Coaching vs. Teaching

As the world of golf instruction has evolved over the last few decades, a divide has emerged between teachers and coaches. To the average golfer, this is nothing more than semantics. However, to the experienced player, this is a very important distinction.

In case you haven’t noticed to this point, I use a lot of analogies to help illustrate concepts. It’s just how my mind works. This post will be no different.

Let’s compare the world of golf instruction to learning how to drive a car. You’ve just turned 16, and enroll in drivers education. Your instructor will teach you what the rules of the road are, what the pedals and steering wheel do, and how to maneuver the car in a series of different scenarios.

This is just like taking a golf lesson. Your teacher will explain the different rules of the game, what the different clubs do, and how to move them with your body to achieve different results. This is strictly “how to” instruction, which is important for every developing golfer.

Now when the driving lesson is over, you have your license, and your new freedom. But where to go? How do I get there? This is where the GPS or the road map comes in. In the case of golf instruction, this is where you need a coach.
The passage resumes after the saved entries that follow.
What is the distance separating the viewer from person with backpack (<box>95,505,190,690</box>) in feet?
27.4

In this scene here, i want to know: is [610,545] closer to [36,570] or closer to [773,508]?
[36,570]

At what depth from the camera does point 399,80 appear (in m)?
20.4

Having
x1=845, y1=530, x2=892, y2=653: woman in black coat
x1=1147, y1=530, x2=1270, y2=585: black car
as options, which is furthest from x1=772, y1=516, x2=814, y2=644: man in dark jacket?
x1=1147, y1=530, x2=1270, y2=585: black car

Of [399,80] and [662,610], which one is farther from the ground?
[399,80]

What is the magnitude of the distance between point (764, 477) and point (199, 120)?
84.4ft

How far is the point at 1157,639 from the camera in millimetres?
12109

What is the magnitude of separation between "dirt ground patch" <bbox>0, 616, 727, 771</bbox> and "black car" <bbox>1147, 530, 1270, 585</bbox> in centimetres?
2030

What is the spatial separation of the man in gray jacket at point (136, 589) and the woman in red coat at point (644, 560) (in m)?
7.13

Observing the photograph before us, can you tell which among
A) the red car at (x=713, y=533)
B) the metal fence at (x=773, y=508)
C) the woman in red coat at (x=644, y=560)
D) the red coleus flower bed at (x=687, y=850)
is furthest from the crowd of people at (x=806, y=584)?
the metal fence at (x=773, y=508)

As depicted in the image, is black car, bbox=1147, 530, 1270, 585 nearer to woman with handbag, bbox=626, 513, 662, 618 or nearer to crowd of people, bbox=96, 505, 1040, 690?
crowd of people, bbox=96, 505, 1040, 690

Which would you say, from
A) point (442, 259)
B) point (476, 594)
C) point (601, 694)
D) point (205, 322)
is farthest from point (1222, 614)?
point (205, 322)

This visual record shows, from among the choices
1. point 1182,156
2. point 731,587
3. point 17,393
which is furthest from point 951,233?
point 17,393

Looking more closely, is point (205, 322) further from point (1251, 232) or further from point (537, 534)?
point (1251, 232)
When an experienced golfer comes to me with a goal, it is my job to act as a road map. The process isn’t complicated, but each step needs to be addressed in order to make sure you reach your destination. If you miss an exit, you have to make a detour.

The first part of the process is the planning – where are we going? Whether it’s the PGA Tour, or trying to break 90, there are markers that we need to set to know that we are making progress. Statistics will be tracked with benchmarks that compare to the level the player is seeking to reach. A schedule needs to be made, which would be like deciding how many hours in a day you are going to drive. Do too little, and you will get discouraged when your destination isn’t getting closer. Do too many, and you will burn out and have to pull over.

The second part of the process is ensuring your vehicle will get you there. Is the swing producing the result you want? Is it causing you injury? Is it comparable to the level of competition you are striving for?

Below are the LPGA Tour Trackman averages for 2017, and a screenshot from a Flightscope session I had with a female mini tour player I work with. This particular shot was hit with a 7-iron. When assessing performance, I am comparing a number of different parameters. Her club speed on this shot was 75.3 mph, which is .7 below the tour average, and her carry distance was 142.6 yards, 1.6 longer than the tour average. This is only one shot, but over the course of the season, we will track these parameters, among others, to ensure we are trending in the right direction.

LPGA Trackman AveragesAimee 7-iron

 

The next to last step is called benchmarking, which is the setting of markers that will indicate how effective the changes are. If I’m driving from Orlando to Boston, I should start seeing signs for Boston when I get in to Connecticut. This would tell me I’m on the right track. If I see “Cleveland – 100 miles”, I know I took a wrong turn. If you are working to improve your Greens in Regulation (GIR) per round, and the number is getting worse, then you need to go back to the vehicle and find out why it’s not performing. What gets measured, gets improved.

Summer Stats Pic

Above is a snippet of a statistics worksheet we use to track the performance of the areas of the game. Every 3 months I sit down with my competitive players and a) review the previous quarter, b) set the schedule of events for the next quarter, and c) set goals for performance and establish habits that will make those possible. Below is the document created after the goals are set for the quarter.

Training Program pic

The document establishes the benchmarks we are looking to improve, gives a measured value for what is acceptable, and lays out a plan for how to make it happen. These are the turn-by-turn directions for how to reach your destination. The player’s job is to be fully focused on the current task, whereas the coach needs to see the entire map, knowing where to turn and for how long. Agreeing on the destination and communicating on the progress regularly is the secret behind a great coach-player relationship.

If you were just trying to drive from your house to a mall you hadn’t been to, you wouldn’t need to consult a map, you would just need a few pointers from the attendant at the gas station. This is like a player trying to break 100, or wanting to stop hitting behind the ball. A golf teacher can identify some simple issues, and give you a drill to help correct the fault.

When you drive from Miami, FL to Portland, OR, this needs planning and preparation. A player who wants to take their game to the highest level can’t afford to make unnecessary changes, and spend time in areas that aren’t important. My job as a coach is to help identify the fastest route with the fewest speed bumps.

If you are looking to take your game to the next level, spend the time to research the professionals in the area, and identify what their approach is. The journey to the top is a long one, and you want to make sure the person you’re riding with has a knowledge of the route and has the tools to make sure you get there. Most importantly, they need to be in it for the long haul.

Having a coach that is fully invested in your development and success will make all the difference between reaching your destination, and sitting at the side of the road with a flat tire.